Rising from the bare expanse of the large salt desert that separates India from Pakistan is what will likely be the world’s largest renewable energy project when completed three years from now.
The solar and wind energy project will be so big that it will be visible from space, according to developers of what is called the Khavda renewable energy park, named after the village nearest to the project site.
At the site, thousands of laborers install pillars on which solar panels will be mounted. The pillars rise like perfectly aligned concrete cactuses that stretch as far as the eye can see. Other workers are building foundations for enormous wind turbines to be installed; they also are transporting construction material, building substations and laying wires for miles.
When completed, the project will be about as large as Singapore, spreading out over 726 square kilometers (280 square miles). The Indian government estimates it will cost at least $2.26 billion.
Shifting to renewable energy is a key issue at the ongoing COP28 climate summit. Some leaders have voiced support for a target of tripling renewable energy worldwide in any final agreement while curbing use of coal, oil and natural gas, which spew planet-warming gases into the atmosphere.
What makes this heavy industrial activity peculiar is that it’s taking place in the middle of the Rann of Kutch in western India’s Gujarat state. The Rann is an unforgiving salt desert and marshland at least 70 kilometers (43.5 miles) from the nearest human habitation but just a short army truck ride away from one of the world’s most tense international borders separating the two South Asian nations.

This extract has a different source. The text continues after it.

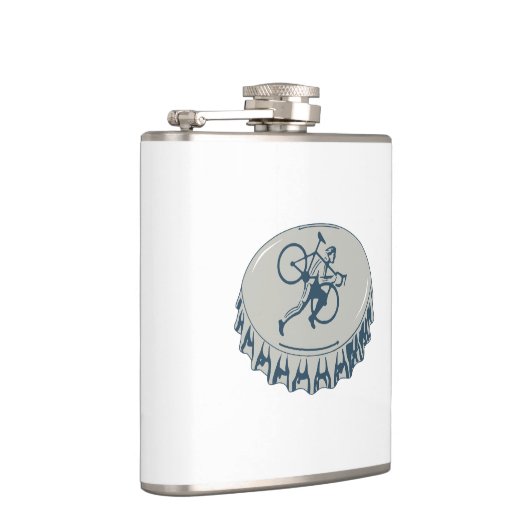 Cyclocross Beer Heupfles (Rechts)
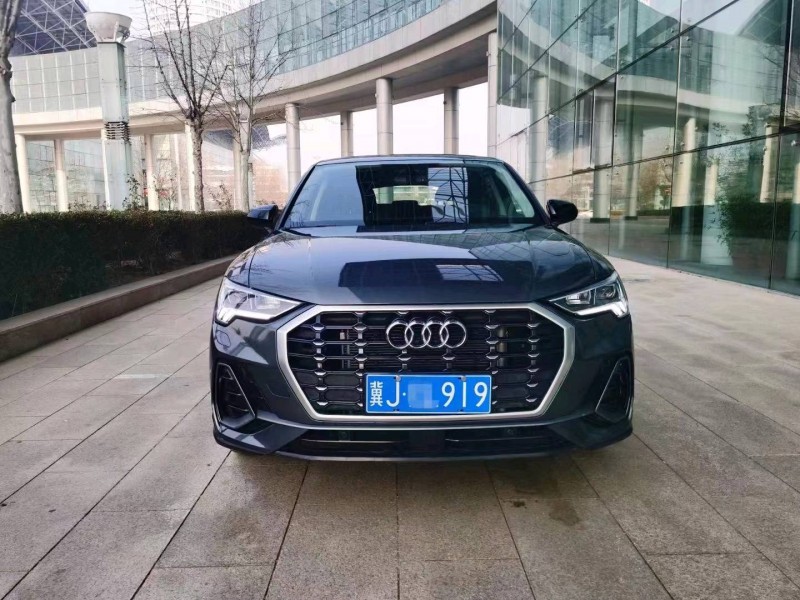 邯郸21年奥迪Q38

GROUND ZERO OF INDIA’S CLEAN ENERGY TRANSITION
When The Associated Press visited the renewable energy park, two days of unseasonal heavy rains had left the ground muddy and water logged since the only escape for water in this rough terrain is evaporation. This made it even harder for the workers to do their job.
Notwithstanding the tough conditions, an estimated 4,000 workers and 500 engineers have been living in makeshift camps for the better part of the past year toiling to get this project up and running.
Once completed, it will supply 30 gigawatts of renewable energy annually, enough to power nearly 18 million Indian homes.
As India aims to install 500 gigawatts of clean energy by the end of the decade and to reach net zero emissions by 2070, this project site will likely contribute significantly to the world’s most populous country’s transition to producing energy from non-carbon spewing sources.
As things stand, India is still mostly powered by fossil fuels, especially coal, which generate more than 70% of India’s electricity. Renewable energy currently contributes about 10% of India’s electricity needs. The country is also currently the third-largest emitter of planet-warming gases behind China and the United States.
“There are people working here from all over India,” said KSRK Verma, Khavda project head for Adani Green Energy Limited, the renewable energy arm of the Adani Group, which the Indian government has contracted to build 20 gigawatts of the project. Verma, with over 35 years of experience building dams across turbulent South Asian rivers and enormous natural gas tanks under the Bay of Bengal, says this is one of the most difficult projects he’s undertaken.